*** Opening PROVIDED DATA ***

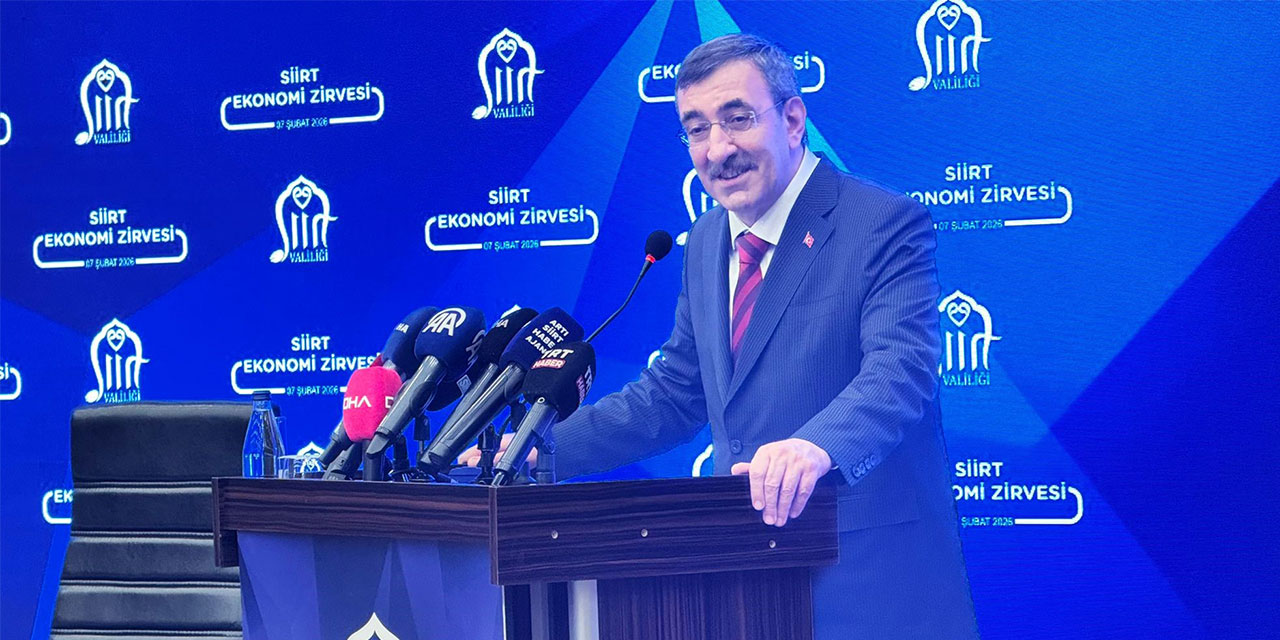 Cevdet Yılmaz: Demokrasi diyorsak hepimizin şiddeti, terörü bir kenara koyması lazım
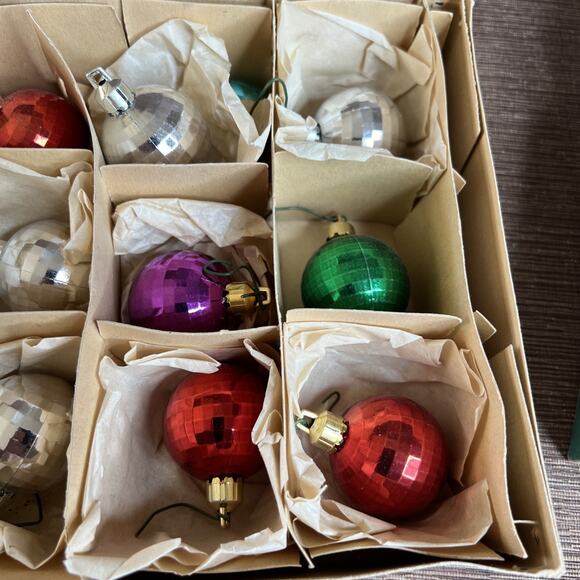 Fantasia Mini Mirror Ball Ornaments – Set of 12 – Poland – Vintage - Picture 14 of 14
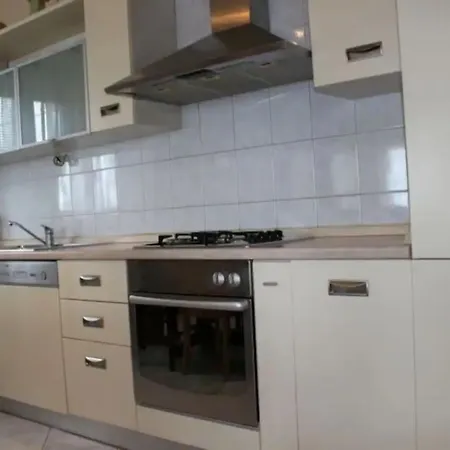 Apartamento 4-schlafzimmer-wohnung Mit Privatem Pool By Interhome *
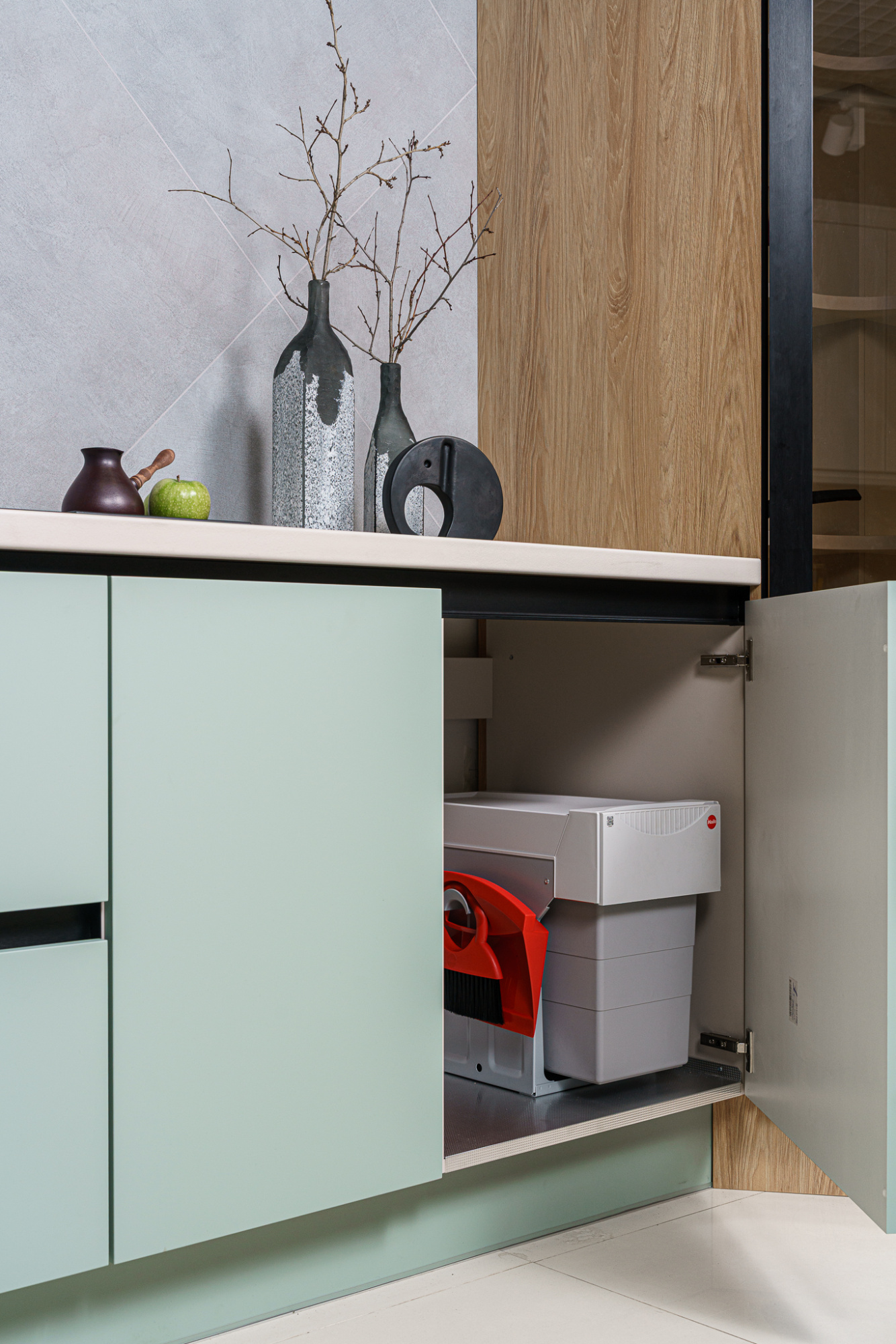 Прямая кухня с бутылочницей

*** Closing PROVIDED DATA ***

◆ TRY IT
Excluding all images, transcribe the material word for word.

◆ RESPONSE
 Cevdet Yılmaz: Demokrasi diyorsak hepimizin şiddeti, terörü bir kenara koyması lazım
 Fantasia Mini Mirror Ball Ornaments – Set of 12 – Poland – Vintage - Picture 14 of 14
 Apartamento 4-schlafzimmer-wohnung Mit Privatem Pool By Interhome *
 Прямая кухня с бутылочницей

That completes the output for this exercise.